Parsa Khalili carried out research on his topic, “In Search of an Iranian Modernism,” through extensive travel in Iran, with particular interest in the work of twentieth century Iranian architect, Seyhoon Houshang.

Parsa Khalili
Yale University
School of Architecture

View Final Report

Somf 2009 travel fellowship parsa khalili final report 01

Yazd. © Parsa Khalili.

Jury
Barbara Bestor
Kevin Daly
Craig Hartman (Chair)
Thom Mayne
Lorcan O'Herlihy

Iran stands at a historical crossroad; torn between a conservative, seemingly anti-Western invective and a rapid modernization that evinces a more moderate worldview. Beneath the surface, Iran is an intriguing example of the emergence of the “second world,” a developing nation that plays a major role in geopolitics. In spite of the obvious political insights that a visit to Iran would provide, there is also a rich, architectural past available for investigation. A history little spoken of in schools of architecture in the West, the monuments of the Persian Empire provide a multitude of possibilities for architectural study, and perhaps, an alternate history of the development of built form. Essentially this proposal posits that a modernist Iran exists and is worthy of investigation.

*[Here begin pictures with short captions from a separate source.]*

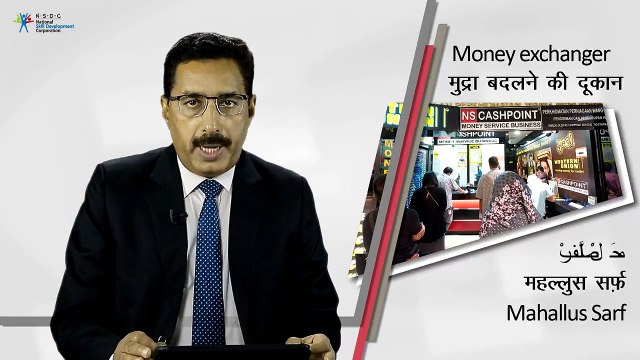 Lesson 16- Arabic for Beginners Unit 5 2 —Conversation at the Bank in Arabic Arabic Kaksha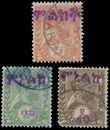 134722 / 0 - Philately / North and East Africa / Ethiopia
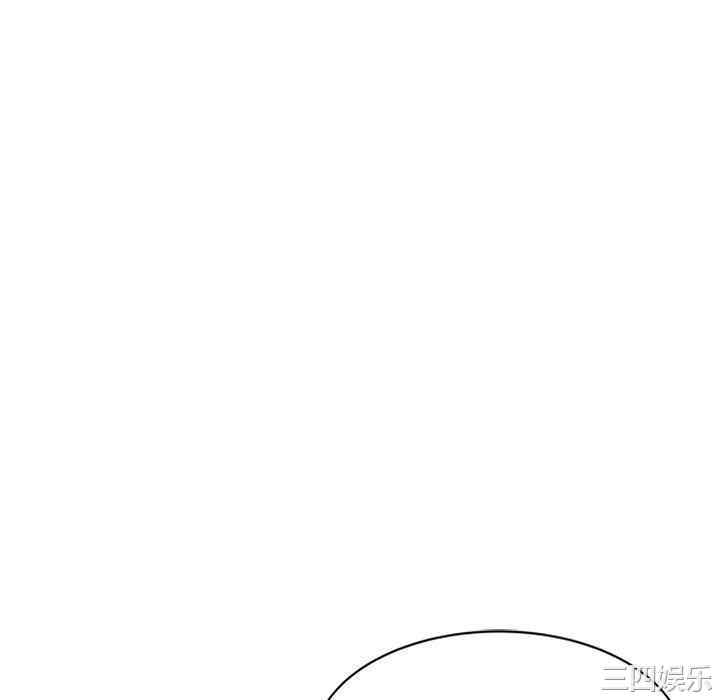 第133张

Modernism, here to be discussed as an architectural style and way of rethinking the tropes of nineteenth century design, theory, and criticism, spread wider and deeper in the international arena than architectural history cares to remember. Far beyond the canonical works of Le Corbusier, Mies van der Rohe, Adolf Loos, and Alvar Aalto, exists another realm within which modernism flourished; for Iran, the middle of the twentieth century saw great influence and exchange with the West—most notably in the realm of architectural design.

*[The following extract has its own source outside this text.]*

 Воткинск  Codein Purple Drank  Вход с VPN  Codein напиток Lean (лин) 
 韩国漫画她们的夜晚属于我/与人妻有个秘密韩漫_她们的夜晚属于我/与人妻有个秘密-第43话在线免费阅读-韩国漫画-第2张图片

Presently there is little to no published material that covers the great architecture of this period in Iran. My preliminary research and conversations with colleagues in Iran have yielded several architects whose work deserves to be uncovered and documented. The key figure whose work I wish to detail is Seyhoon Houshang. Born in 1920, Houshang was educated at Tehran University under the guide of Maxime Siroux and continued his training at the Beaux-Arts academy in Paris, where he would later become professor. In working correspondence with Alvar Aalto and Le Corbusier, and ideologically affiliated with the international style, Seyhoon was commissioned in the prerevolutionary period for a wide variety of projects, most of which in honor of important cultural figures throughout the country. Although not uniquely affiliated with a purely Persian (rather than Greco-Roman) discourse, Seyhoon offers an interesting insight into the struggles of an architect attempting to infuse the principles ascertained by the Western canon within a lineage that is, on many levels, its contested other.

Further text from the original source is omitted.